The literary scholar William Deresiewicz (2014) concludes a review of two histories of the novel with the observation that “the novel rose with modern selves because the novel, classically, relates the story of an individual attempting to create herself against existing definitions.” The notion of a self defined, as Mikhail Bakhtin (1984) puts it, in terms of “his social position, the degree to which he is sociologically or characterologically typical, his habitus, his spiritual profile and even his very physical appearance” (p. 48) was supplanted by one in which the self is given meaning by “the significance of these features for the hero himself, for his self-consciousness” (p. 48). Of course, self-consciousness is not a recent innovation and modern selves do not always challenge existing definitions. The emphasis placed on subjectivity in much of literature, though, is hard to miss.
Taking note of modern fiction’s apparent preoccupation with characters’ inner lives, psychologists have begun to investigate how reading habits relate to individual differences in the psychological processes involved in understanding others’ mental states in the real world. Raymond Mar and his colleagues (Mar, Oatley, Hirsh, de la Paz, & Peterson, 2006; Mar, Oatley, & Peterson, 2009) gave this line of research initial empirical traction with two studies designed to test whether exposure to fiction would positively predict performance on an advanced test of mental-state understanding, or Theory of Mind (ToM).
ToM was assessed using the Reading the Mind in the Eyes Test (RMET; Baron-Cohen, Wheelwright, Hill, Raste, & Plumb, 2001), which requires that participants correctly identify complex mental states (e.g., contemplative, confident) shown in images of actors’ eyes. Familiarity with fiction was measured with the Author Recognition Test (ART). The ART consists of a list containing names of authors and non-authors, and participants are asked to select those they recognize as authors. Participants who select more authors are also more likely to prefer reading to other activities, report reading regularly (Stanovich & Cunningham, 1992; Stanovich, West, & Harrison, 1995), and include fiction on an online shopping wishlist (Rain & Mar, 2014).

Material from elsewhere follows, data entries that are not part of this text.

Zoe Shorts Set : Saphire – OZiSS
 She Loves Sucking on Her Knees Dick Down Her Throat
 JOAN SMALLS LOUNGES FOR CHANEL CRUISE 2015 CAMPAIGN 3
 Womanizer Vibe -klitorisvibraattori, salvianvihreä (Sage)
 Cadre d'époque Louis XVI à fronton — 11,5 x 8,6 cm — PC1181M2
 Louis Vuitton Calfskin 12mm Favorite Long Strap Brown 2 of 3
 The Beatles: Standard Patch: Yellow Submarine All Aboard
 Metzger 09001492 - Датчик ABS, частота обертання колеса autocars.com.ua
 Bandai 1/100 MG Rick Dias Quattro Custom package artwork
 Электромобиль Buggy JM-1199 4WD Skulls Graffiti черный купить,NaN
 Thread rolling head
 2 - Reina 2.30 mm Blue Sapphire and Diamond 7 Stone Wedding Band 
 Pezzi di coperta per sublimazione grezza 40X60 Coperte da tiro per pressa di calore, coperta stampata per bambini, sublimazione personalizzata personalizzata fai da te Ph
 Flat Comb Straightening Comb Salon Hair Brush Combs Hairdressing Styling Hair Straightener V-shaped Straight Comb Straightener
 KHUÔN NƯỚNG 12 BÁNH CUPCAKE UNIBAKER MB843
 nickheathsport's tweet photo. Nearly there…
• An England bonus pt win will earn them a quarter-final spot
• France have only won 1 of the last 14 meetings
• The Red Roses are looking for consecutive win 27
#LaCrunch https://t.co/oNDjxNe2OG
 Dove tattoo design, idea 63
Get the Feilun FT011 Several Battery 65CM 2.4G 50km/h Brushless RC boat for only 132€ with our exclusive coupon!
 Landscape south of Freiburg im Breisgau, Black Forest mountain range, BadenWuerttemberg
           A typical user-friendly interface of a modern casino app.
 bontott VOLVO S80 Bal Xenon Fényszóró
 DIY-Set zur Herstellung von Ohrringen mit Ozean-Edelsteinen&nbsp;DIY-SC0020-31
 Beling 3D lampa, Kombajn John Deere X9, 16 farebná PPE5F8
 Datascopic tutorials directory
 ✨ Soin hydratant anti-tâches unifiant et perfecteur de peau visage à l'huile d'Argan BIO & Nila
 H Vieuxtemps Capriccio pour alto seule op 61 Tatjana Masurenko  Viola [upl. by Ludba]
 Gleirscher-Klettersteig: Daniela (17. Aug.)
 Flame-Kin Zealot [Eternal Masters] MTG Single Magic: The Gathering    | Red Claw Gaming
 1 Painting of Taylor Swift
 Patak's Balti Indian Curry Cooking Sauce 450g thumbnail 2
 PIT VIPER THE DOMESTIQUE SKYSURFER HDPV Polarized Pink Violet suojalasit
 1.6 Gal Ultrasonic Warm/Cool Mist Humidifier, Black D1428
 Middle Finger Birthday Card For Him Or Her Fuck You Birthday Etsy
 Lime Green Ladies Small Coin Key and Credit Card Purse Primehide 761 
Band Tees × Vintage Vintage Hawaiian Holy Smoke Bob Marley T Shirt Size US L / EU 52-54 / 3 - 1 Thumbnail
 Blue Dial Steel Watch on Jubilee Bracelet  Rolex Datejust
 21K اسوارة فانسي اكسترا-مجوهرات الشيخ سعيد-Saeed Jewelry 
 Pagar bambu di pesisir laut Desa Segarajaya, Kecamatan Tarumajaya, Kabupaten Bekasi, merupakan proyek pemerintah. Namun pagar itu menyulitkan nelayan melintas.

Results of both studies showed that familiarity with fiction (ART score) was positively related to performance on the test of ToM (RMET score), even after accounting for exposure to nonfiction, age, gender, general intelligence, self-reported empathy, and openness to experience. These results show that exposure to fiction, at least as indicated by high ART scores, positively correlates with an important socio-perceptual skill. Yet, the manner of assessing exposure to fiction used in these studies seems to gloss over the fact that fiction is not a homogeneous category.
The diversity of fiction can be mapped in many ways, but where and why boundaries should be drawn is invariably contentious. Some scholars have focused on variation across popular genres in the importance of characters’ thoughts and emotions within the story relative to the plot or setting. For example, recent research has shown that familiarity with romance fiction, which is focused on relationships and emotions, positively relates to ToM, but familiarity with other genres (e.g., thriller, science fiction) does not (Fong, Mullin, & Mar, 2013).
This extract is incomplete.